Wiring, insulation and framing is nearly done

Filed under: Projects,Railroading — bsullivan @ 1:22 am

With the incredible help of my father in law and my buddy Kelly we’ve been able to make amazing progress on the workshop/layout room. Framing is nearly done as is electrical and insulation. Doing drywall and installing fixtures are the biggest jobs left. Very excited!

April 8, 2011

Some basement progress pics

Filed under: Projects,Railroading — bsullivan @ 1:39 pm

I know these aren’t that exciting, but for me they are. 🙂 Also, it’s hard to see here but all the old wall along the back and side walls of the house are gone. Also, the wiring in the room has been removed. Next step is to make some calculations, remove a few more wall pieces, clean up some stuff and get framing the new walls and roughing in the electrical. Stay tuned.

March 29, 2011

Workshop Update

Filed under: Projects,Railroading — bsullivan @ 9:30 pm

My father-in-law Bruce came over today and helped me knock out some serious work on the workshop room. My model RR will be in this room, along with the HVAC unit, the water heater and my work bench/storage. The room was originally part of one large basement room. At some point in the last 30 years the previous owner split the room in half and turned this side into a workshop. He was a serious woodworker and had some large tools (evident by the 220 40A circuit we removed today and bolt casings in the floor) so it’s plenty big. I decided to strip it down and turn it into a combo model RR room and workshop.

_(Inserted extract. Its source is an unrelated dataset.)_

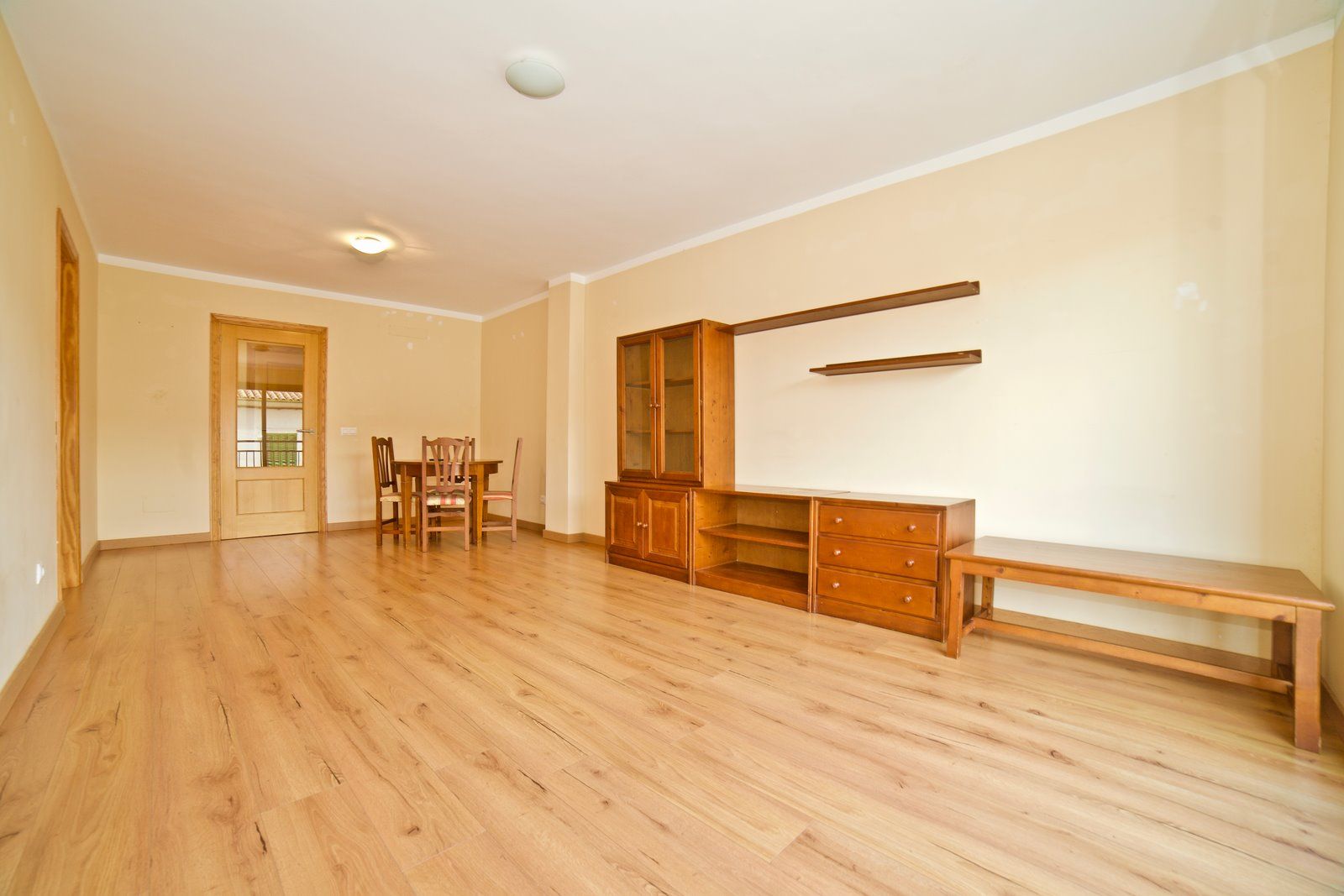 Helle 3-Zimmer-Wohnung zum Verkauf in Campos, Mallorca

When we moved in I set to work removing some of the old storage units, shelves, walls, etc. Unfortunately, there were also some circuits that needed removing around the room and due to a lack of funds after being laid off, this sort of got put on the back burner. Thanks to the generosity of some friends and family I’ve been able to get some building materials and make a go of getting this taken care of. Back to today, Bruce & I traced out circuits, chased wires, rerouted one circuit to combine some lights and removed a lot of old wire. I was even able to remove all the remaining studs from the room (finally) and get things cleared out a bit. The next step is to continue removing wires, random nailed boards and some other shelves/cabinets still in the room. Things are moving along really well. More pics next time. Thanks!

March 27, 2011

LRDG redux

Filed under: Projects — bsullivan @ 3:47 pm

The original Tamiya LRDG 1/35 scale kit fetches a premium these days. I put one together back in high school and at the time it was one of my prized models. It was also one of the few that survived the great “younger brother knocking over the shelves that held all my models” tragedy.

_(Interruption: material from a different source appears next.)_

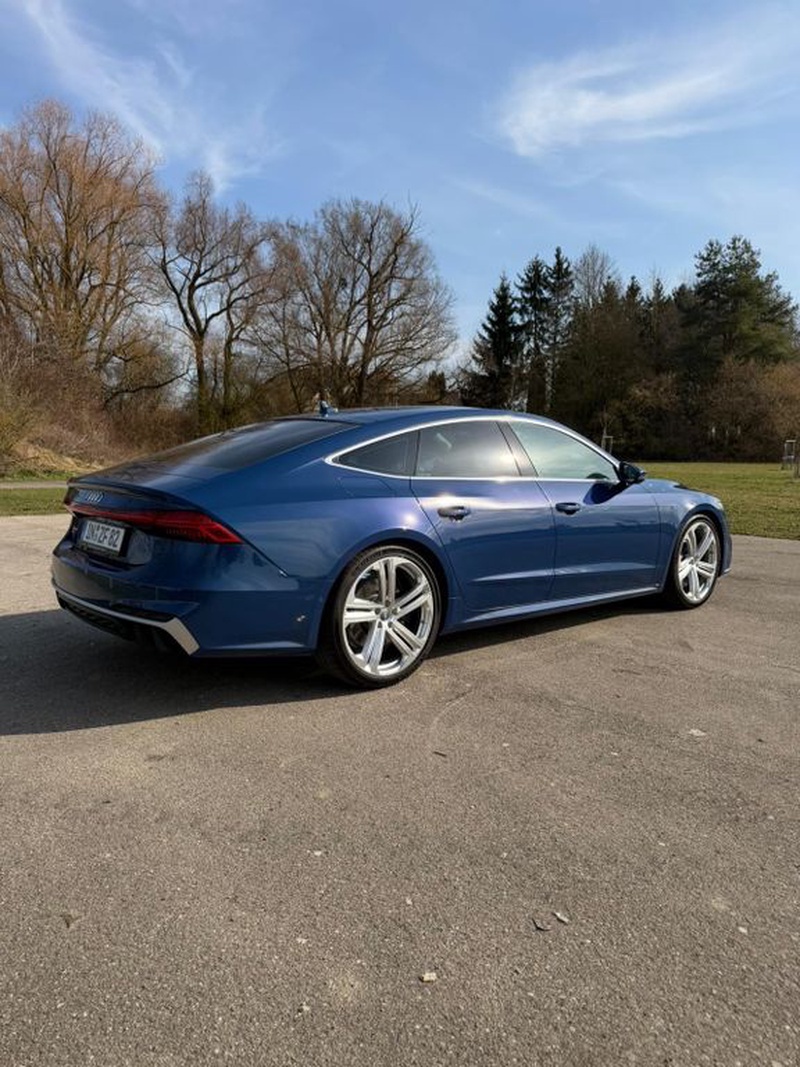 Audi S7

I was recently inspired to take stock of some of the older projects I have and see if I can complete them. The LRDG stood out to me as a really neat kit that could use some work. Yeah, by high school standards I did an OK job, but the model deserves so much more. Much of it was unpainted, poorly weathered, half-done and a little rough around the edges. Finding a ton of really amazing builds online has inspired me to redo this build.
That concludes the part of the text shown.